Fazit: Insolvenz als Chance für Einzelunternehmen
Wer als Unternehmer in eine finanzielle Schieflage gerät, bekommt mit einer Insolvenz die Chance auf einen Neustart ohne Schulden. Besonders vorteilhaft für dich als Einzelunternehmer ist die Möglichkeit der Restschuldbefreiung, die Kapitalgesellschaften nicht genießen.
Um gar nicht erst in eine ungünstige Lage zu kommen, solltest du stets deine Finanzen sowie deinen Geschäftsplan im Blick behalten. Zusätzlich hast du die Möglichkeit, dich von Experten wie Steuer- und Finanzberatern unterstützen zu lassen. So schaffst du es, ein langfristig erfolgreiches Business aufzubauen!
In meinem Blog findest du zahlreiche Informationen und Praxis-Tipps rund um das Thema Selbstständigkeit und Existenzgründung. Dort liest du beispielsweise, warum sich ein Steuerberater für Einzelunternehmen lohnen kann und welche Rechtsform sich für dein Business am besten eignet.
FAQ
Muss ich als Selbstständiger Insolvenz beantragen, wenn ich zahlungsunfähig bin?
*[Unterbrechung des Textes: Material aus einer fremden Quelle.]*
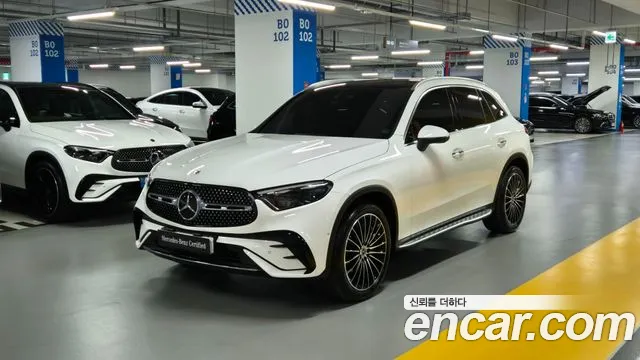 Фотография автомобиля — Mercedes-Benz GLC-Class X254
Als Einzelunternehmer unterliegst du nicht der Insolvenzantragspflicht, wie es etwa bei einer GmbH der Fall ist. Es steht dir allerdings frei und ist zu empfehlen, wenn dein Unternehmen in finanzielle Schwierigkeiten gerät.
Darf ich während des Insolvenzverfahrens weiter arbeiten?
Mit der Zustimmung des Insolvenzverwalters darfst du weiter trotz Insolvenz selbstständig tätig sein. Wenn du glaubhaft machen kannst, dass du auf diese Weise etwas verdienen kannst, wird dies meistens erlaubt. Ansonsten bist du während der Wohlverhaltensphase dazu verpflichtet, dich um ein Angestelltenverhältnis zu bemühen.
Wie werden meine Schulden abbezahlt?
Der Insolvenzverwalter ermittelt deine Insolvenzmasse – das ist das gesamte Geld, das dir zur Verfügung steht. Dazu gehört für dich als Einzelunternehmer nicht nur das Geschäftsvermögen, sondern außerdem dein privates Vermögen.
Kann mein Insolvenzantrag abgelehnt werden?
Wenn das Vermögen des Schuldners nicht ausreicht, um zumindest die Kosten für den Prozess zu decken (u. a. Gerichtskosten) kann es sein, dass dein Insolvenzverfahren nicht eröffnet wird.
Geht in der Wohlverhaltensphase mein gesamtes Einkommen an den Insolvenzverwalter bzw. meine Gläubiger?
Nein, du musst nicht dein gesamtes Einkommen abgeben, sondern lediglich das, was über die Pfändungsfreigrenze geht. Diese richtet sich nach deinem Nettoverdienst und etwaigen Unterhaltsabgaben, die du leisten musst.